My son was alive, and he was healthy, and he was happy. And then he was dead.
And nobody, nobody has answers.
And everyone, nothing they say makes sense to me.
And so I dig.
And Kent, he's been right there with her on this hunt for answers.
I hope that it will lead to justice for Nate.
I hope also that trying to do that,
that there will be future moms and dads that hopefully don't have to go through
what we are going through with the
dysfunctioning that's going on. When I started investigating this case, it was 18 months after
Nathaniel died. The parents had lots of suspicions, but nothing concrete. I started looking for proof
that the Strathroy and OPP detectives really did have tunnel vision,
focusing almost entirely on Roseanne and Kent.
I found some answers in more than a thousand pages of documents on the McClellan case,
released to me by a judge.
I've mentioned these before, documents related to searches police carried out.

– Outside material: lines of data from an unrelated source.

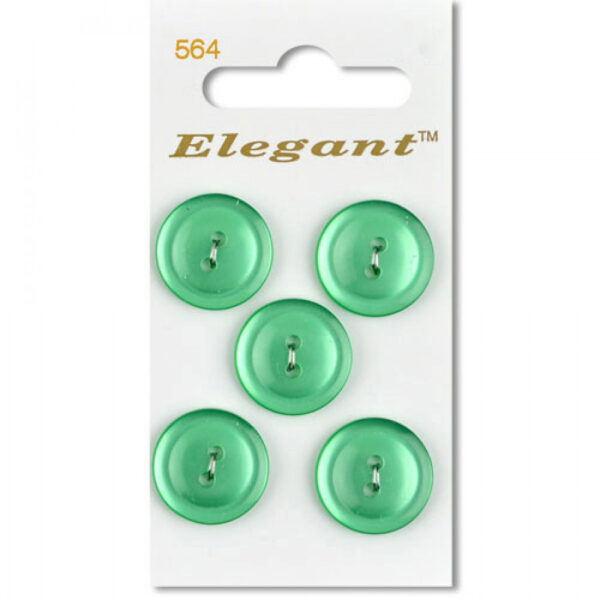 Sirdar Elegant Buttons - Light Green 2-Hole 19mm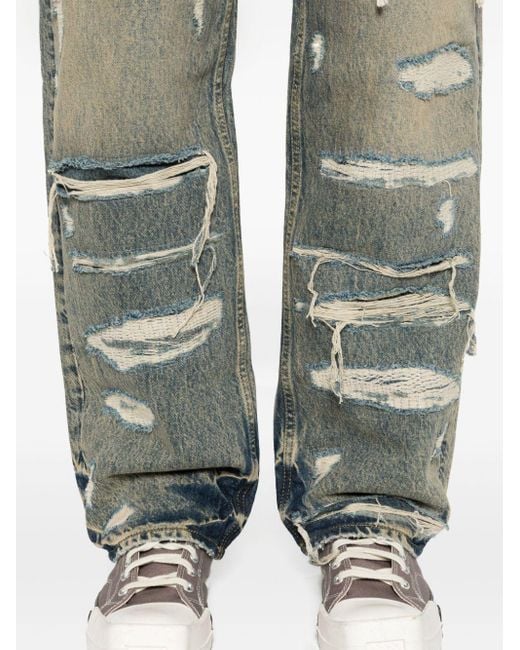 Represent Gray R3d Double Destroyer Straight-leg Jeans for men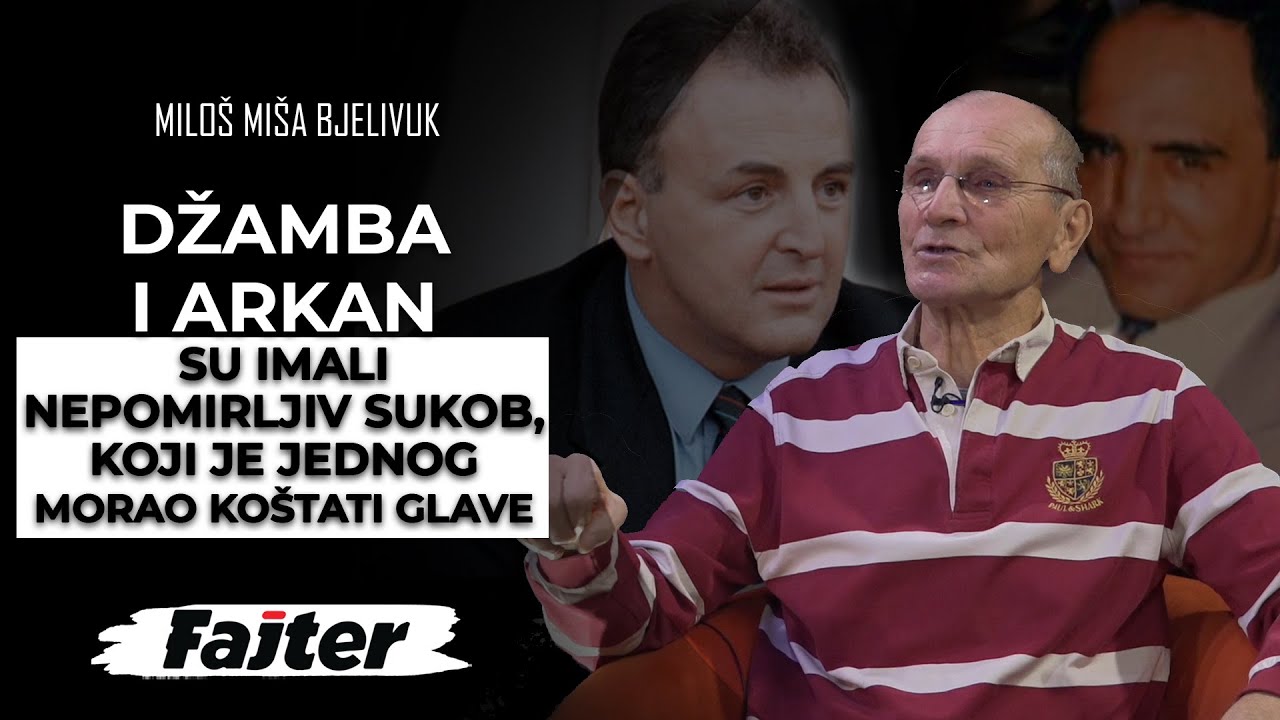 DŽAMBA I ARKAN SU IMALI NEPOMIRLJIVI SUKOB, JEDAN JE MORAO DA PLATI GLAVOM - Miloš Miša Bjelivuk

To give me a crash course in search warrants, I talked to a former Toronto homicide detective,
Dan Nielsen.
Dan's retired from the force.
He's got nothing to do with Nathaniel's case,
but a lot of experience with warrants.
Dan, why don't you just talk to me
just a little bit about the whole concept
of search warrants.
When do police investigators use search warrants?
Well, search warrants are a tool to gather evidence.
And in this country, under Section 8 of the Charter,
everybody has an expectation of privacy
and against unreasonable search and seizure.
So in order to gather evidence where there's an expectation of privacy,
the police have to get judicial authority, which is a search warrant.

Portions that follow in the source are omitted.